Why must accessibility be central to your event planning?

People may forget event lessons or activities, but not how an event made them feel. Memorable events go beyond entertainment or conversion—they include everyone. Accessibility shows thoughtful planning. From venues to virtual platforms, embed accessibility into every attendee experience decision.

If you want your event to resonate with a wider, more diverse audience and ensure everyone feels welcome, focus on your core reason for creating an accessibility plan.

Here are some reasons why accessibility matters, and why you should care about it from the very beginning.

A growing audience with diverse needs

According to the World Health Organization (WHO), over 1.3 billion people worldwide—about one in six—have a significant disability. This large community of potential attendees may need support with mobility, vision, neurodiversity, cognition, or language.

Beyond ethics: real business and legal values of accessible events

Accessibility expands your reach and strengthens trust. Beyond ethical considerations, accessibility offers significant business and operational value:

  • An accessible event is more inclusive, reaching a wider audience, and demonstrates social responsibility.
  • Legal and regulatory frameworks are tightening. The EU's European Accessibility Act (EAA) requires that, by mid-2025, many digitally promoted products and services in the EU meet accessibility standards, including event platforms, ticketing, and kiosks.
  • Laws like the Americans with Disabilities Act (ADA) in the U.S. require accessible bathrooms, ramps, seating, and more.
  • Providing accessible experiences demonstrates that your organization values all attendees and builds trust.
  • If you fail to plan for accessibility, you risk attendee dissatisfaction, complaints, and legal issues.
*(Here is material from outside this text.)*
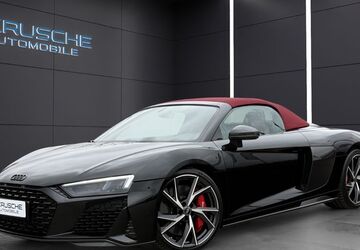 Audi R8 1.739 km 209.800 &euro; Altheim 84051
Accessibility as event-design advantage

According to W3C, sessions accessible to people with disabilities work better for all. Accessible design isn't just for them; features like clear signage, strong contrast, captioning, and calm zones benefit everyone, including older adults, non-native speakers, those with temporary injuries or illnesses, and people using mobile devices or attending virtually.

What does "event accessibility" encompass?

Event accessibility has two main dimensions:

  1. Physical or in-person accessibility: Environment, venue logistics, on-site mobility, signage, sensory considerations, and more.
  2. Digital or virtual accessibility: Online registration, website, event platform, live-streaming, captioning, screen-reader compatibility, and hybrid features.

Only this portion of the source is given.